Monday 13 August 2018


Scientists in the Strathbraan area witnessed nests with four fledged Curlew chicks this year: a first.
An update on the Raven License: The Community perspective.

Scottish Raptor Study Group has launched a Judicial Review of SNH’s decision to grant a licence to the Strathbraan community to control ravens to protect critically endangered wading birds.
The Research licence was the result of 18 months of work by the local farmers and gamekeepers here who undertook counts of ravens and wading birds before applying for the license, which is supported by the SGA and Game and Wildlife Conservation Trust.
Many of the land mangers in the license area had taken part in the Scottish Government ‘Understanding Predation’ project, overseen by Scotland’s Moorland Forum.
A multi-party project, Understanding Predation brought together farmers, gamekeepers, ornithologists, raptor workers, RSPB Scotland, forestry interests and others with the shared objective of saving declining waders.
The final report- a unique collaboration of science and local knowledge- concluded that bold and urgent actions were required if Scotland was to save its dwindling populations.
Breeding Curlew, described as the UK’s most urgent conservation priority, have declined by 46 percent in 25 years.
There are now estimated to be only 250- 300 pairs south of Birmingham, a population which could be lost in 8 years.
In Wales, it is predicted the birds could be gone completely by 2025 and Scotland’s response to this urgent wake-up call is now vital.
The UK hosts about a quarter of the world’s breeding pairs in Spring and Summer and what happens here has an impact on global survival.
Inspired by the project, land managers in Strathbraan, who had witnessed the devastation caused by flocks of juvenile ravens hunting fields of wader chicks and eggs, decided to apply for a control licence to protect the local populations.
The Strathbraan area is a core site for breeding waders; something acknowledged by the RSPB’s own  Tayside Wader Survey summary report 2013.
It described Strathbraan East as ‘nationally important’ for Curlew, Lapwing, Oystercatcher and Snipe and Strathbraan as nationally important for Lapwing and Oystercatcher.
Despite this, populations are still suffering decline (although comparatively less than many other un-managed areas).
The research licence, now to be contested, is an attempt to preserve the core breeding population in a key area.
Crucially, the licence is to protect waders and ravens. In deciding upon the number of ravens to be taken (69), SNH approved the licence on the basis that the numbers would not affect the conservation status of the raven.

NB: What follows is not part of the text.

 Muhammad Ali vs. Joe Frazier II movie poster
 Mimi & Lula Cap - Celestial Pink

Recently, news emerged of the assessment by SNH’s SAC on the ‘science’ of the license.
In terms of the community, we volunteered to suspend the licence whilst these aspects were being looked at. It should be noted that it was not the job of the local land managers to craft the scientific model. It was the job of local land managers to look after the birds and carry out the control humanely and in compliance with the law and spirit of the license, which they have done.

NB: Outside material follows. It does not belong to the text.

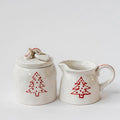 Cream and Sugar Containers, Set of 2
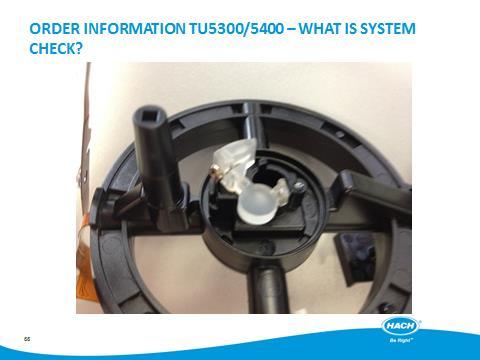 CO JE SYSTÉMOVÁ KONTROLA? SYSTEM CHECK Všechny TU5200 přístrje bsahují system check.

For the community, the justification for the licence came in the shape of what everyone expected- a very good breeding season for Waders here and much better protection for them than in recent times when raven flocks have wiped out chicks in the lowland fields. This, for us, has been a success, no matter how it is measured.

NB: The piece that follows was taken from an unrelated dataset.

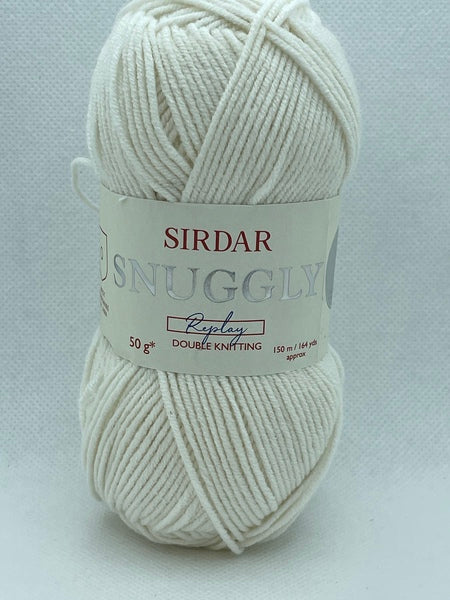 Sirdar Snuggly Replay DK Baby Yarn 50g - Milkshake Break 0101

Here is the Community’s statement and latest position: 

“Local farmers and gamekeepers have been united in trying to prevent further loss of rare birds such as the Curlew, which would be tragic especially as action on the ground clearly makes a difference.
“Thanks to the licence, and hens being in good breeding condition, we are delighted to say it has been an excellent breeding year in Strathbraan. Folk at the sharp end have even seen nests of four fledged Curlew chicks for the first time, greatly helped by being better able to protect the chicks and eggs from the raven flocks that have been so damaging in recent years.
“In terms of wader conservation, therefore, it has been a much better season. The license has been temporarily suspended so those on the science side can make adjustments.
“However, the community remains committed to wading bird conservation, spurred on by what has been achieved so far.”